Other long-lasting projects also came to fruition, such as the creation of our Canadian Honours System, along with the Order of Canada.
But the true strength of the Centennial was with the communities that came together in a great spirit of camaraderie to celebrate the wonderful nation in which we live. And the projects they left behind as a legacy would live on, helping to fund many community organizations—like the Kiwanis—that in turn would help improve the community.
Pierre Berton writes: “The real bonus…is to be found in the community spirit that the centennial project engendered. …[The people involved in the project] are the glue that holds the community together.”
The Centennial saw ordinary citizens do extraordinary things. Even the smallest projects at a local level had a great impact on the lives of their children, and on all of you.
So when you think of your own centennial and Canada’s 150th, I urge you to think back to 1967, to find ways in which you can leave behind a gift, one that will keep giving long after the year is over.
I have talked a lot about our history today, and there is good reason to do so. Perhaps there are a few of you here who remember, like I do, how much excitement there was in 1967. And I know how many great things grew out of that year to strengthen our country.
But most of all, I want to prove that our sesquicentennial, like our Centennial, can grow out of grassroots campaigns, that it is you who will make the difference.
Judy LaMarsh, secretary of state in charge of the Centennial planning, wrote that there was “an awakening of spirit that seduced all of us... We cast off the bonds of our conformity, and slipped out of our cloak of grey anonymity forever.”
Organizations like yours have always looked ahead, have tried to solve the problems and social ills of our world. We need you to step up once more to rally that spirit we saw 50 years ago. We need you to be innovative and imaginative. We need you to be creative and bold.

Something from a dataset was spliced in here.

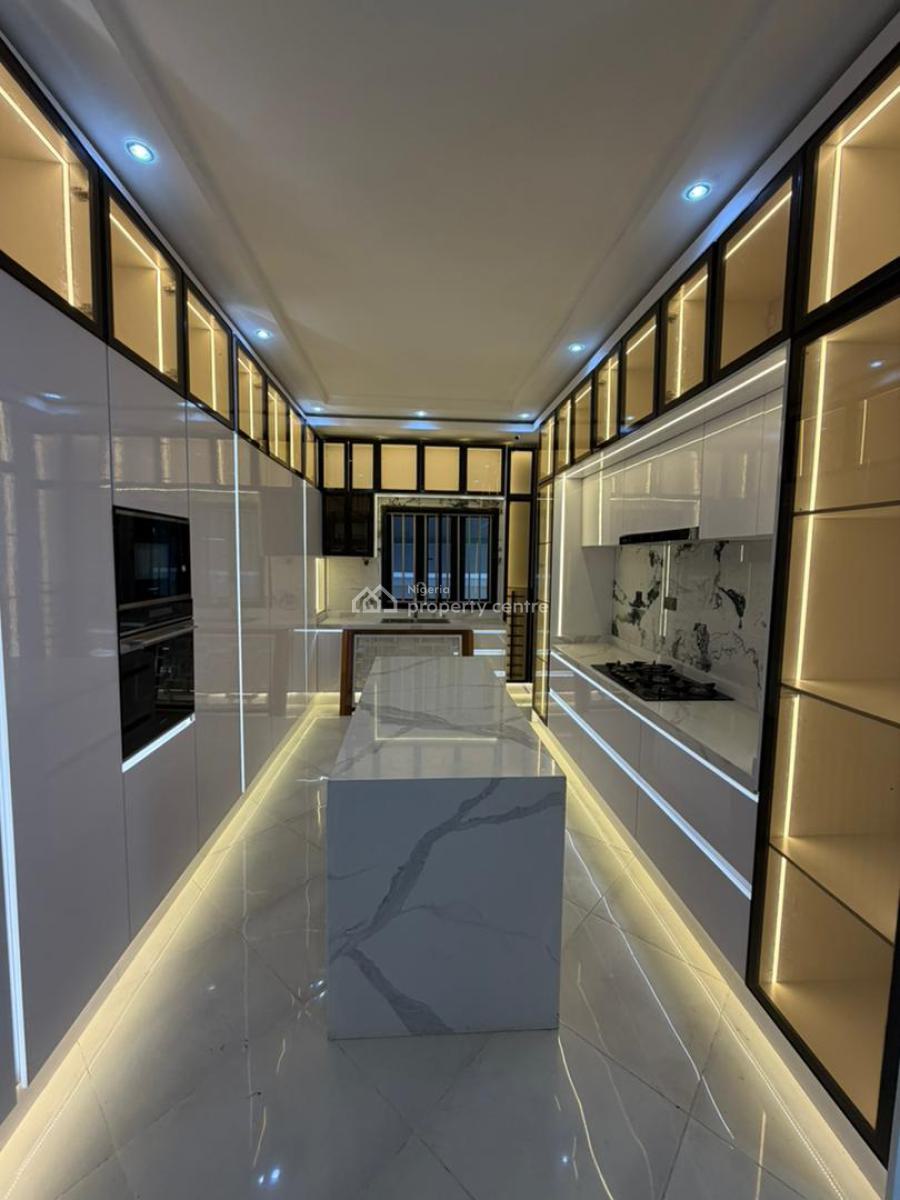 Contemporary Luxury Spacious 6 Bedroom Duplex with with Cinema, Gym, Lekki Phase 1, Lekki, Lagos, Detached Duplex for Sale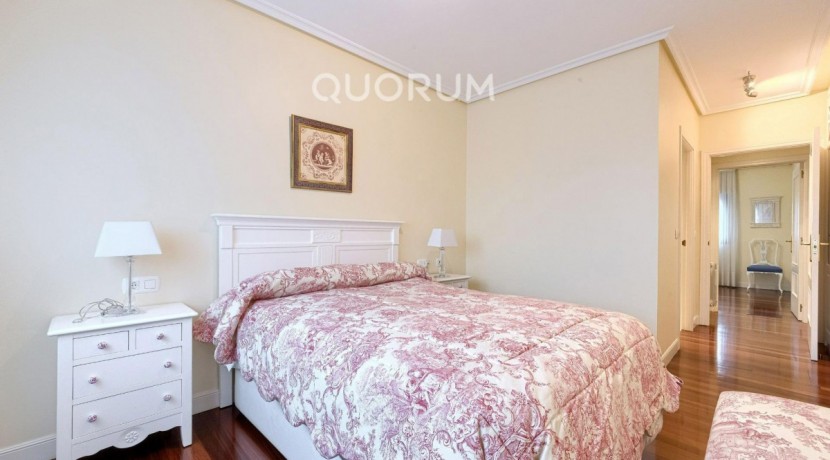 Se Vende Precioso Piso En El Centro De Barakaldo Con 3 Habitaciones 2 Baños Garaje y Trastero Directo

We need you to put into action your plans to create a smarter, more caring nation.
And most of all, we need you to create the infrastructure—in whatever form it takes—that will leave behind a stronger country for our children and for each subsequent generation.
Lord Byng, one of my predecessors, once said: “Be as big, with minds as large and souls as great as the land in which you live.”
Let’s all take this to heart and live up to the Canadian ideal. And I know that you can. You have proven that you are capable of great things.
I asked you before: What next? What more can we do? What will your gift be?
I can hardly wait to learn the answers.